COOKIES, WEB BEACONS, AND DO-NOT-TRACK
For detailed information on the cookies we use and the purposes for which we use them, please refer to our Cookies Policy.
You can visit the AdRoll cookie opt-out page and Google Ads personalization page to opt-out of certain targeted advertising. You can also opt-out of targeted advertising by modifying your browser settings or by using a browser plug-in.
We take reasonable security measures to protect against unauthorized access to or unauthorized alteration, disclosure, or destruction of personal information within our custody or control. These include security measures for and internal reviews of our data collection, storage, and processing practices and the use of Transport Layer Security (TLS) software to encrypt certain sensitive User information such as bank account data. We also implement physical security measures to guard against unauthorized access to systems where we store personal data.
We restrict access to User information to Motus employees, contractors, and agents who need to know that information in order to operate, develop, or improve our services. These individuals are bound by confidentiality obligations and may be subject to disciplinary measures, which may include termination and criminal prosecution, if they fail to meet these obligations.

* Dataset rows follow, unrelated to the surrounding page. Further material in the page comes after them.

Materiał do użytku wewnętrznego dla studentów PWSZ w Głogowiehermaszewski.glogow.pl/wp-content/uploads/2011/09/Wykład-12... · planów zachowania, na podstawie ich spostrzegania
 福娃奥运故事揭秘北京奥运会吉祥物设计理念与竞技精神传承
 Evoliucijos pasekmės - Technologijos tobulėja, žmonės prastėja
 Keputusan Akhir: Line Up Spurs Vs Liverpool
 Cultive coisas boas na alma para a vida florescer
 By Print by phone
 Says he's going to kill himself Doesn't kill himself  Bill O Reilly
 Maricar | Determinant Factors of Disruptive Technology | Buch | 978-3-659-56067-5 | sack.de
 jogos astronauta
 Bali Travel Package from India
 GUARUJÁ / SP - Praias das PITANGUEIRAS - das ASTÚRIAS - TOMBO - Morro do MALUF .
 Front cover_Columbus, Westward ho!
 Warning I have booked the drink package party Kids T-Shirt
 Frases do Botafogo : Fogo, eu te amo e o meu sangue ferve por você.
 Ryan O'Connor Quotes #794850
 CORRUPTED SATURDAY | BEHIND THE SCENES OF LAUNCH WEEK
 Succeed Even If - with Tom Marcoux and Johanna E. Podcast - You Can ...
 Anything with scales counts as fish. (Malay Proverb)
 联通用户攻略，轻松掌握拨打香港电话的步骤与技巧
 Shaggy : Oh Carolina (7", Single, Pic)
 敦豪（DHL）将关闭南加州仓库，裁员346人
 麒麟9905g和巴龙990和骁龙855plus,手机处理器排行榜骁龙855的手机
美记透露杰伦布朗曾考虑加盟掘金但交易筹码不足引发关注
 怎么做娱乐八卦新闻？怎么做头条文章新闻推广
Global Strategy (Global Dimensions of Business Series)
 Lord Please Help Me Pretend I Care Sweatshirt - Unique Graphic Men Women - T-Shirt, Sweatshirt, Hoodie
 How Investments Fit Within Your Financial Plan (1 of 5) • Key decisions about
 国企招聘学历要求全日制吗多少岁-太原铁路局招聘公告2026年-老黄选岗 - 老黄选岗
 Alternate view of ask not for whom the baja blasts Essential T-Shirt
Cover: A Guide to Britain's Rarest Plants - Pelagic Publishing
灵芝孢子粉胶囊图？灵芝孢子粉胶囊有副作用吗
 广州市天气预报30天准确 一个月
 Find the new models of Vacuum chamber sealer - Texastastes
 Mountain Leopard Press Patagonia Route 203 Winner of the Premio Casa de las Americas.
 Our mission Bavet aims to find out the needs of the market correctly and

Please note that while we take reasonable security measures to protect against unauthorized access, no safeguard can fully guarantee security of personal information.
Motus is headquartered in the United States and, regardless of where you use our Services or otherwise provide information to us, your information will usually be transferred to, maintained, and processed by Motus and our service providers in the United States or other jurisdictions in which we or they operate. Please note that privacy laws, regulations, and standards in the jurisdictions in which your information may be maintained and processed may not be equivalent to the laws in your country of residence and such information may be subject to lawful access by U.S. or other foreign courts, law enforcement, and governmental authorities.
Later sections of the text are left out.